Month: June 2014
Triumph and Recrimination
Whatever day you had today, you didn’t shank the final penalty kick off the post to be eliminated from World Cup competition. Gonzalo Jara, in the moment which will define him for posterity.


An eighth of an inch adjustment on the downswing of the foot, and the ball bends left, flutters the back of the net, and 150 million people watch you circle the pitch like Achilles, arms extended like a hawk, hair bouncing in super-slo motion on the Man-glam cam. But for that, you’re now the answer to a trivia question. You’re that guy. The guy who could have deep-sixed Brazil on their home field, but biffed it instead. I think of the numerous 1/8th of an inch adjustments I’ve made in my life, and how so many of them could have gone differently, even tragically. Moments like this make me grateful for everything I have in my life. Even if it’s a stucco box in Van Nuys.
Springbok, 10 AM

I spent the Ghana-USA match chatting with a guy from Guadalajara, now an American citizen, who candidly told me he had a public breakdown, with tears, on the patio of Springbok in 2010 when Mexico was eliminated. In the round of 16. If they got past the quarterfinal this summer, he couldn’t be responsible for himself.
Both Mexico and USA have advanced to the knockout round. Only Belgium, Argentina, Netherlands and Greece stand between the joy of the past two weeks and a city-dividing, household-dividing, bullets-in-the-air, flags-on-trucks, beer-bottles-in-the-streets test of loyalty in the semi-finals. What then? A moment of truth for Los Angeles.

Mexico 3, Croatia 1
In the milky June twilight
In Dogpatch
Family drama summoned me back to Northern California this week. Driving through the Dubai on the Pacific that is now San Francisco, I wondered: are there any remnants of old, industrial SF anywhere, which are still….sort of, functionally industrial? Then I remembered this neighborhood across the freeway from Potrero Hill, down by the waterfront, which I used to drive through on the way to Giant games at Candlestick, and made a detour. Fittingly, it not only now has a name, and a trolley stop, but a historical designation.
Dogpatch used to be a neighborhood of shipyards and loading docks and warehouses with simple, inelegant (by Victorian standards) clapboard houses for the families who worked there, often built by the owners themselves. Because it survived the 1906 earthquake and fire intact, it has some of the oldest housing stock in the city.
They are put to different uses today. The love labor of John Swan, shipbuilder, now hosts something called Uncanny Communications. As well as something called theLab:



But what of all the old ship and ironworks? Within the carcass of those buildings, someone, somewhere, must be doing something with their hands down there.

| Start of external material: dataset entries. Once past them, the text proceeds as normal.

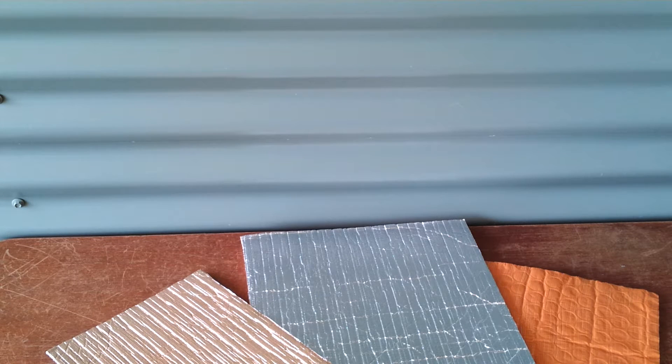Hello and welcome to the Shed Blog. Many folk ask, what is the difference between AirCell and Insulbreak? To help, we're making this video today.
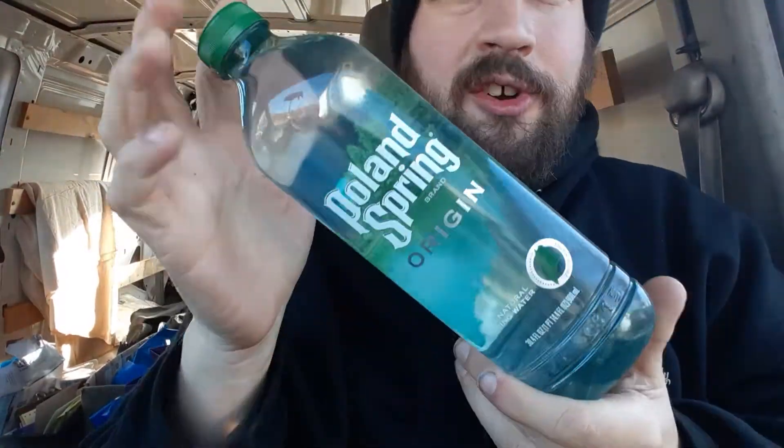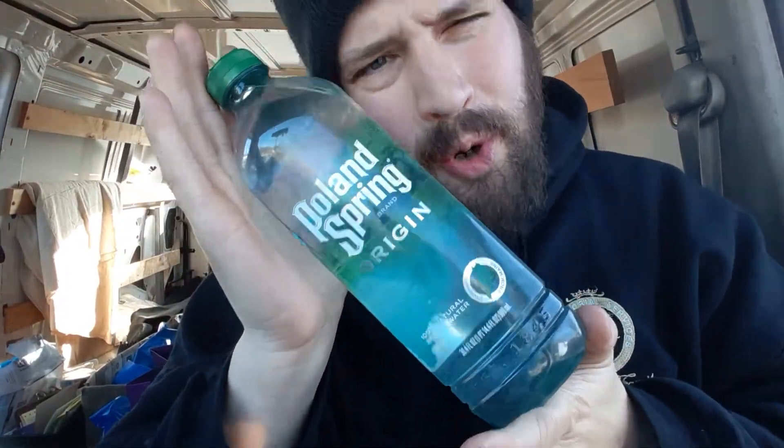Hey, how are you guys doing? Thank you. We're coming back to my review channel for today's review. You guessed it — if you could tell by the picture, it is Poland Spring Origin.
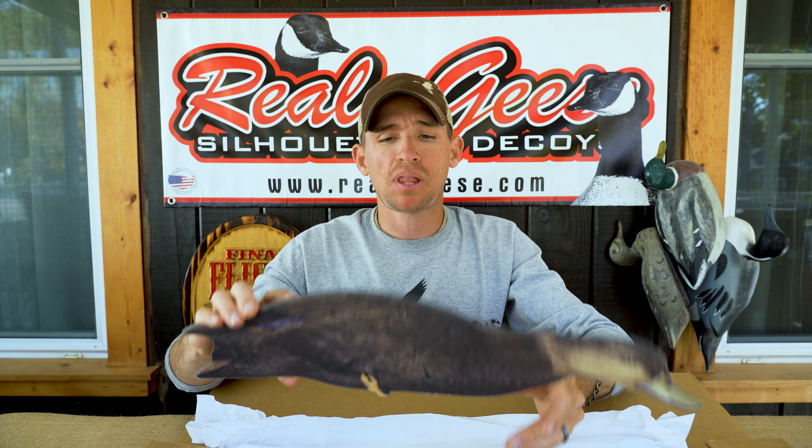On these black ducks you're going to be utilizing the 20-inch black powder coated steel stakes.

Most of the original buildings simply no longer exist, however, having been razed and replaced by live/work condominia. Work which perhaps involves frequent trips to Piccino. I type in envy.




I kept walking. Between two gravel yards servicing the many big crane projects in the nearby China Basin/Mission Bay area, a narrow street descended down toward the waterfront. I followed it around a corner and came upon a cluster of brick buildings which once belonged to the old Union Iron Works. They were cordoned off with chain link and barbed wire.
Venturing beyond, I came to this vast warehouse, open and unlocked. I wandered in, thinking perhaps I had found what I was looking for.

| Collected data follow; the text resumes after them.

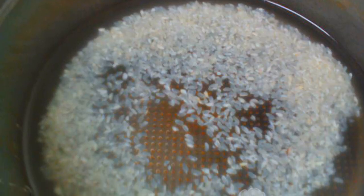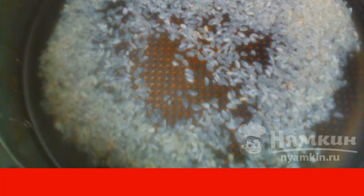We pour rice into a slow cooker, fill it with water. Close the lid and set the porridge mode for 15 minutes.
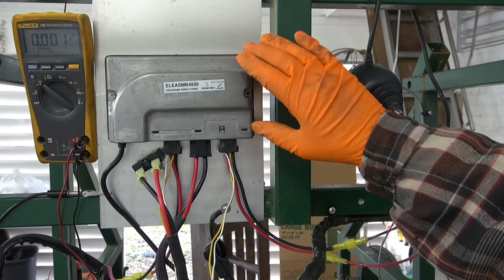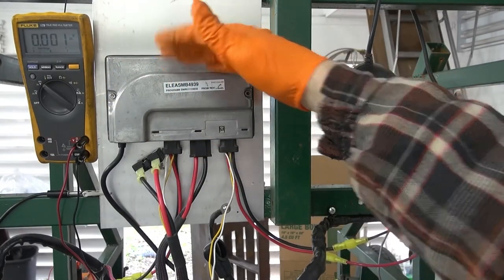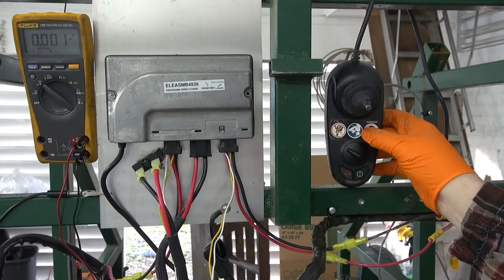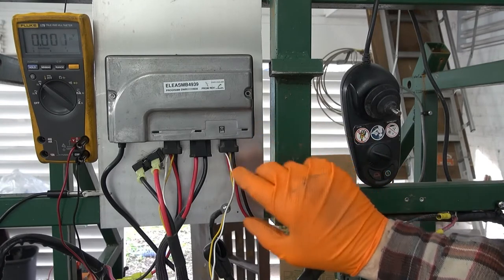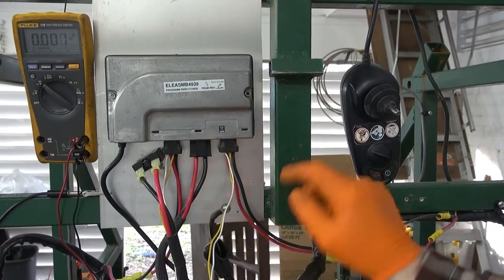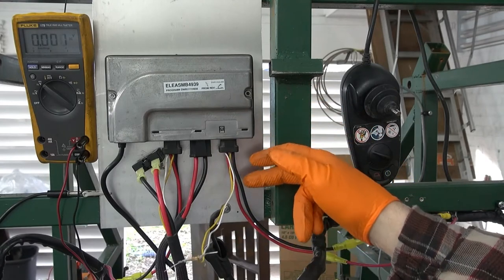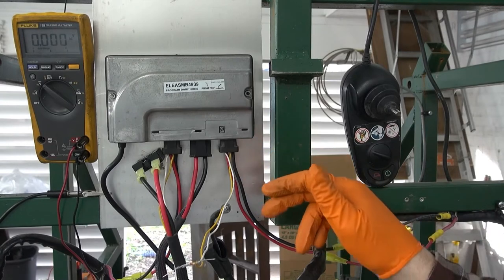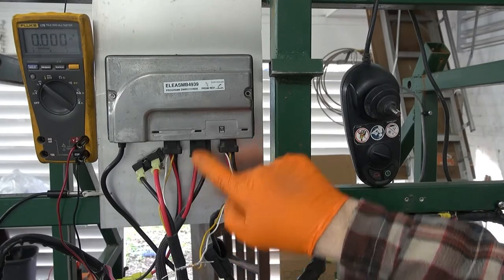If you're working with a power wheelchair or power chair and you have a motor controller that looks like this — maybe from a Jazzy — and this is the remote control. On this controller, these connectors are for the motors: the right motor and the left motor. The white and yellow wires are for the electric brakes, and the red and black wires are the DC drive motor voltages for forward and reverse control. In the center is the 24-volt DC power input.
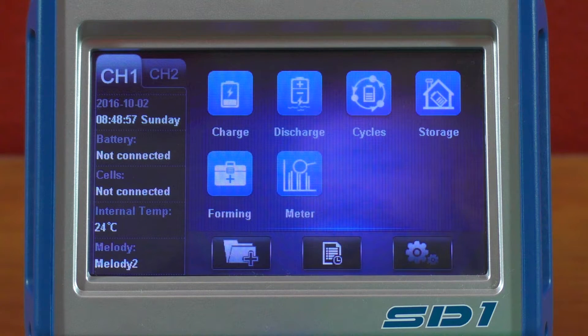This is both an AC and DC powered unit. It can provide 500 watts times two through DC and 300 watts times two through AC, so you can charge two packs at the same time. It can do up to 30-watt discharges, and of course supports charge, balance, discharge, cycle, and storage modes. It supports high voltage lipos, lipos, lithium-ions, LiFe, NiMH, and NiCd batteries as well.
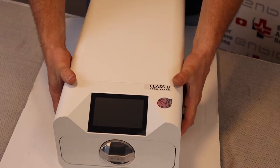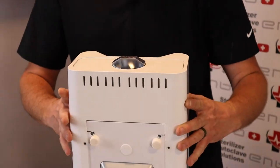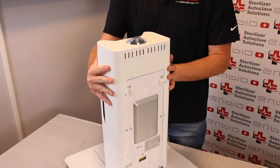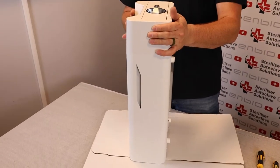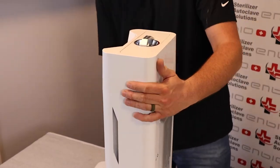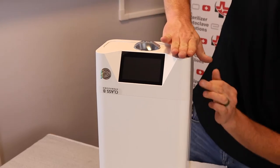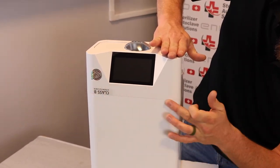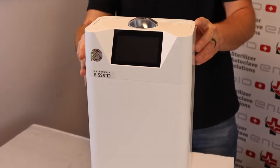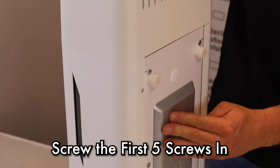Once this is on, what we're going to do is lift the whole unit. Our front fascia is still loose from a previous repair. So what we are looking for is a proper seal and no gap anywhere around. You have six screws that hold these on.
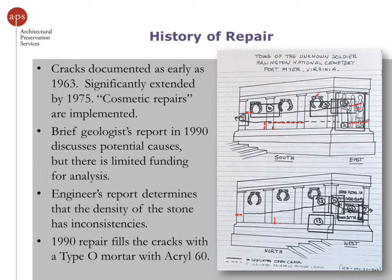An engineer's report determined that the stone had inconsistent densities throughout, which makes a lot of sense — when you look at the stone, you can see quite a bit of veining in it, which actually made the repairs pretty forgiving. The 1990 repair filled the cracks with a type O mortar, which is twice as much lime as Portland cement, but with a small Portland cement component. It also had an Acryl-60 additive, which acts as a bonding agent and helps keep the mortar from shrinking. This is frowned upon now because it's an acrylic additive that prevents water vapor from passing through the mortar joint, so we tried to avoid using it.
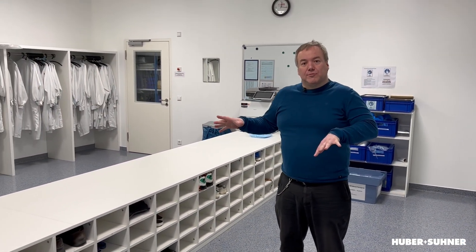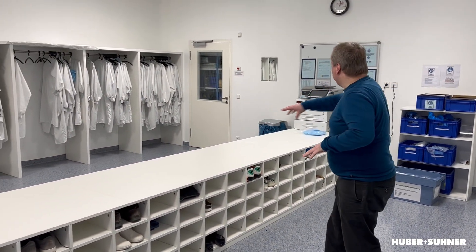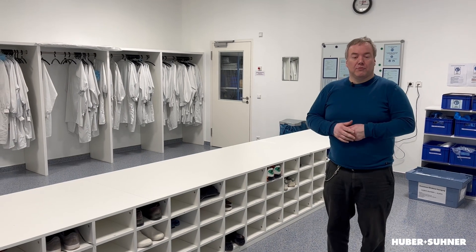First of all, let me explain what you can see here. This is our air lock and it has two sides which are divided by this sit-over bench which goes completely through the room. This is the dirty side — you can enter it with your normal clothing and your normal shoes. And this is the clean side where you need special clothing.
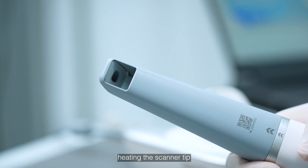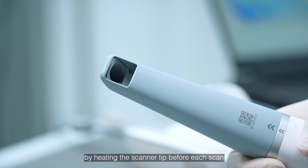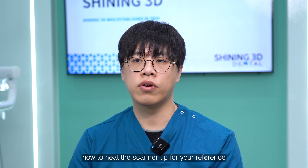Fourth, heating the scanner tip. To achieve the best data quality, please ensure that there is no fog on the mirror by heating the scanner tip before each scan. We have a video demonstrating how to heat the scanner tip for your reference.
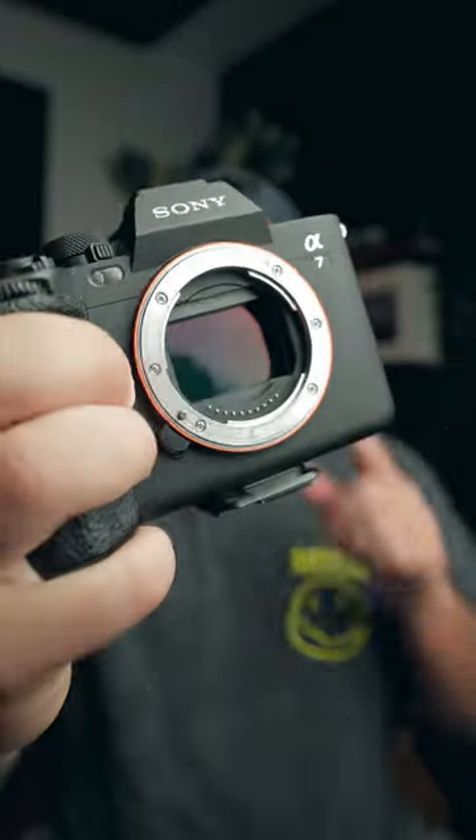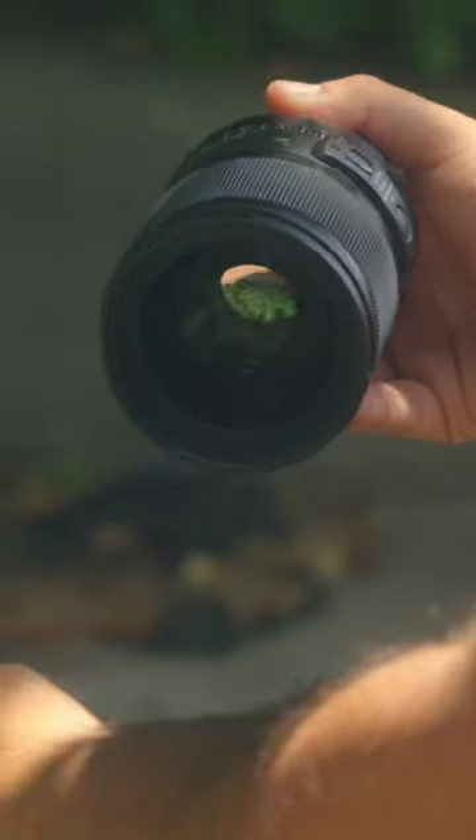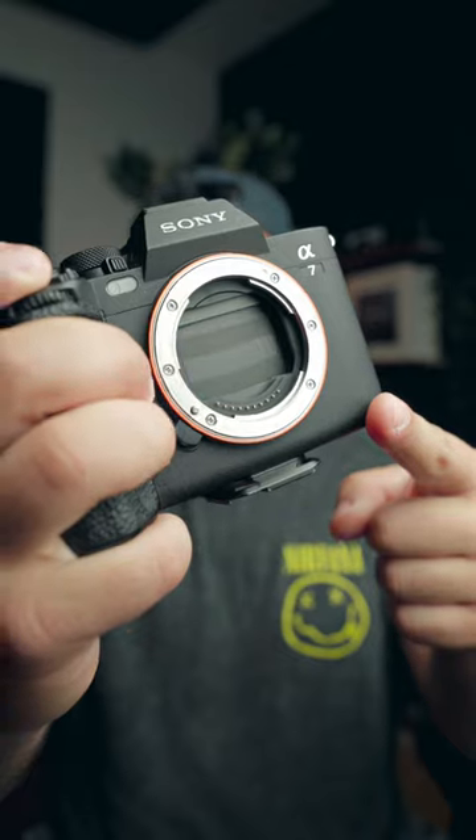Should you use your camera's shutter curtain? Most cameras nowadays have this feature where you can close the shutter to add a layer of protection in front of your camera's sensor. This usually happens automatically when you turn your camera off, but in most cameras you have the ability to turn this on or off.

I followed the conduits down from the ceiling to this service panel. Here I reached the end of the journey. But where was I? According to Google, the former Plate Shop of Bethlehem Steel. But why was it empty? No one was writing code here, or designing hemp shoes of making fair trade cacao-based desserts.
On my way out, I found the answer to the riddle. The last industrial space in Dogpatch is, fittingly, a food truck rodeo.
Ready to launch
Conjunction of desire
Barbecue and plastic surgery. Fatburger and plastic surgery. Big Gulp and plastic surgery. Just to the lower right, and out of view, beer and snack foods…and plastic surgery. There is no ‘Or’ in this tableau. The American Id is unrestrained. I want to eat what I want to eat when I want to eat it and I want to look like the people in the ads when I’m when I’m washing it down with carbonation. And why can’t I, dammit? Billboard riddle: why is ‘acne’ highlighted here? Has Van Nuys been profiled by the cosmetics industry as a bad skin neighborhood?